The Big Game became a Super comeback from a season’s worth of losing weeks for Las Vegas sports books.
"The dog and ”˜under’ typically spells relief," said John Avello, director of operations for Bally’s/Paris Las Vegas. "The outcome (New England 24-21) was where the line should have been. Past Super Bowl history had a lot to do with the bookies raising the line. The smart money knew it."
The official handle will come out later this week, but a consensus of Vegas bookmakers believe it will approach last year’s record $81 million handle for the Patriots- Panthers match-up. The record hold — $12.4 million in last year’s game — could also be in jeopardy.
"It had been three years since Philadelphia had been a dog of four points or more," Avello said. "The line was just too many points. The public had won all year betting New England, which had an incredible record of covering the number. It was our turn."
Avello also said the net win could surpass all previous Super Bowls.
"I certainly believe that’s possible," he said. "Our customers at Bally’s and Paris/Las Vegas were happy. Everyone at our parties was pleased. The bars and lounges were full. It looked like New Year’s Eve here.

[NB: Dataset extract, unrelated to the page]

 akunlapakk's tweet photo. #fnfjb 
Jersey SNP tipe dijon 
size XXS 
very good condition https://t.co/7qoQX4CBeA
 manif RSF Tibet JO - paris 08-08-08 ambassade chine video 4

The Stardust’s oddsmaker Bob Scucci, a guest on a local radio show Monday, said his sports book’s handle was almost identical to last year.

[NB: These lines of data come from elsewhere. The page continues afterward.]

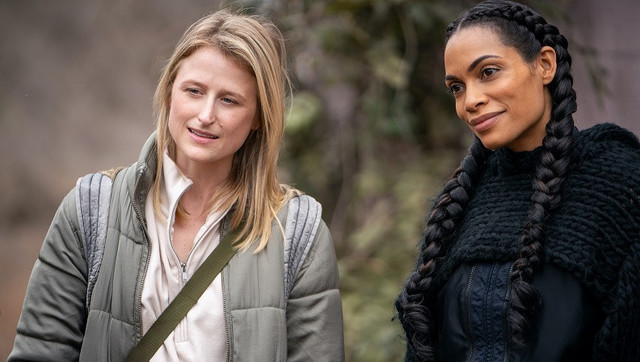 In Rose (Mamie Gummer, links) findet Alma (Rosario Dawson, rechts) rasch eine Verbündete.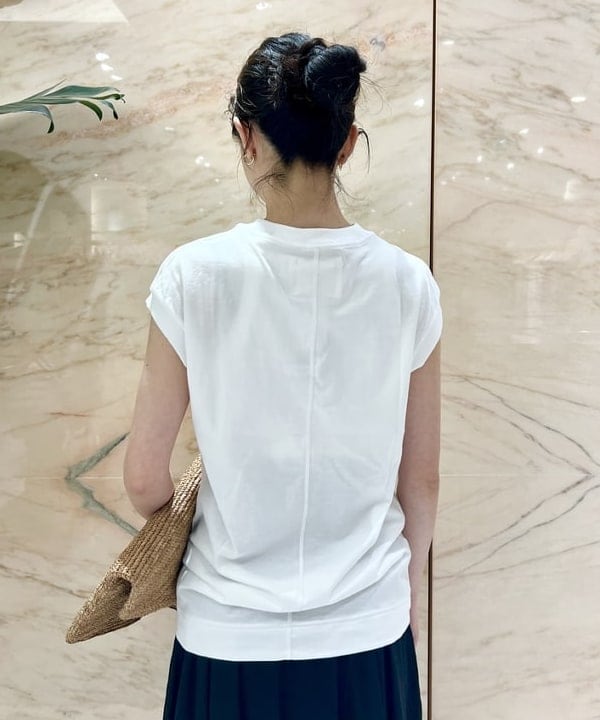 中丸　栞さんの「BEAMS WOMEN｜」を使ったコーディネート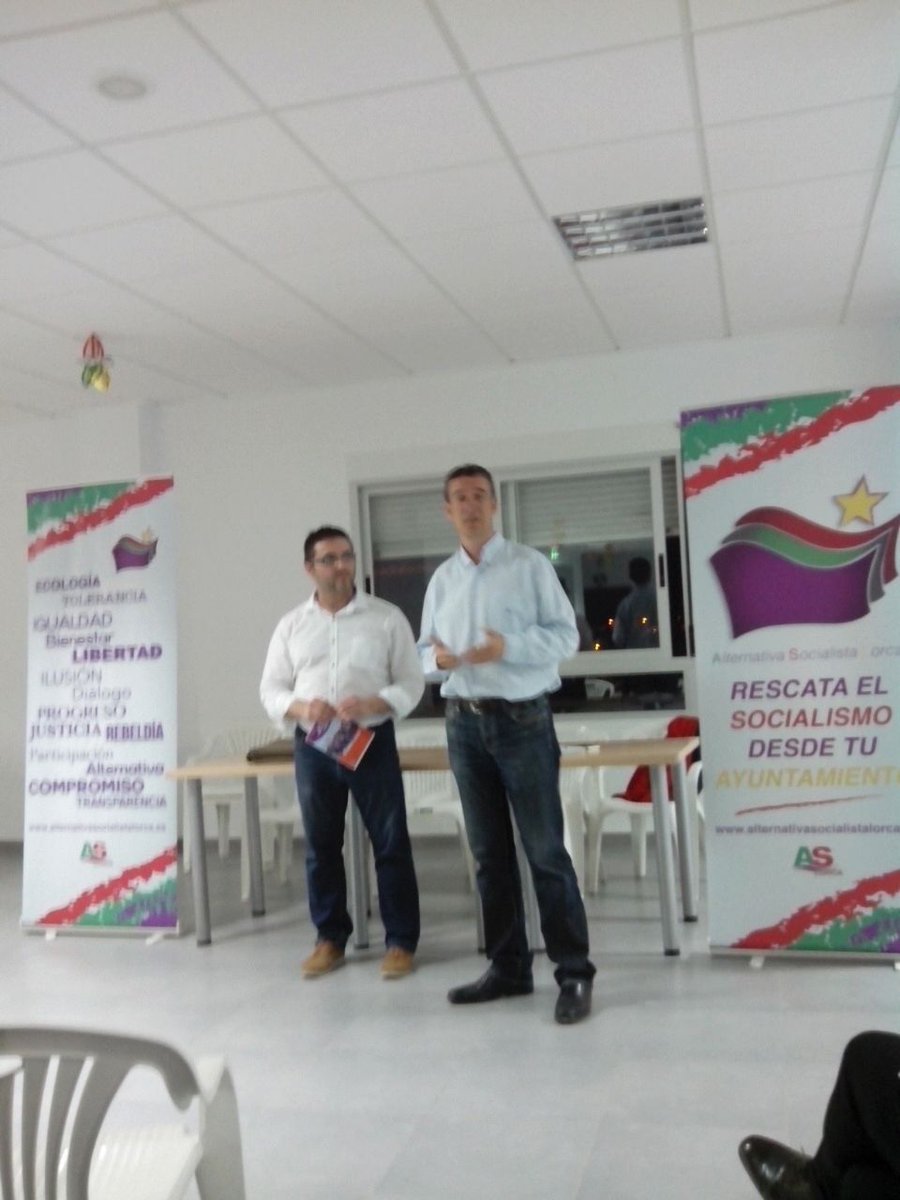 DanielMFajardo's tweet photo. Reunión en Río http://t.co/N66g11cjVP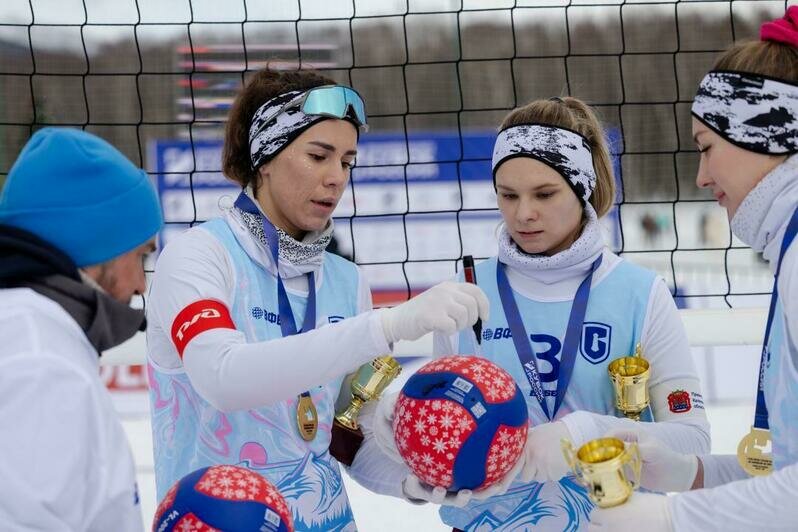 Калининградский «Локомотив» выиграл первый этап Кубка России по волейболу на снегу - Новости Калининграда | Фото: Всероссийская федерация волейбола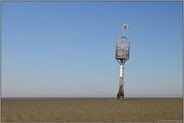 Rettungsbarke Nr. 4... Wattenmeer *Nordsee* vor Cuxhaven bei Niedrigwasser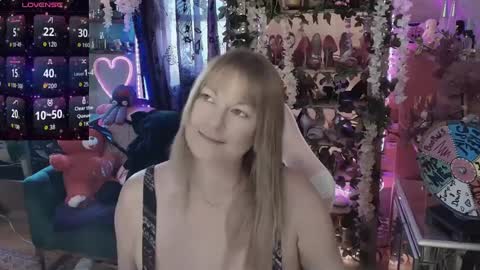 solesticia online show from 09-15-25, 06:19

"If you had the Patriots, you were losers," Scucci said. "I’d be surprised if we beat last year’s handle, but we came pretty close. The Pats covered about 13 games. They owed us the last two."
GamingToday contributing writer Jimmy Vaccaro said that the majority of the $50,000-plus wagers were on the Eagles.
"Whoever understands this racket knows there was no sense jumping in and taking the Eagles last Wednesday," said Vaccaro, who took Philadelphia at +7 "The last 3-4 hours the big money showed. Bookies understand it, the wise guys understand it, but the amateurs don’t."
Jay Kornegay, Las Vegas Hilton Sports Book manager, said this Super Bowl betting was textbook big-game betting.
"This was the first Super Bowl in a while that pretty much went as anticipated," Kornegay said. "Early on, about four of every five dollars went on the Pats, then the betting leveled off. Closer to game time, the larger wagers came in on the dog. It was a blueprint of how to follow big game betting."
The parties, though, were kept low-key due to the NFL mandates concerning promotions using the Super Bowl name. Nevertheless, they were well attended across the area.
"I did get a little nervous about the handle," Kornegay said. "But the floodgates opened Sunday. It was a one-night stand we liked."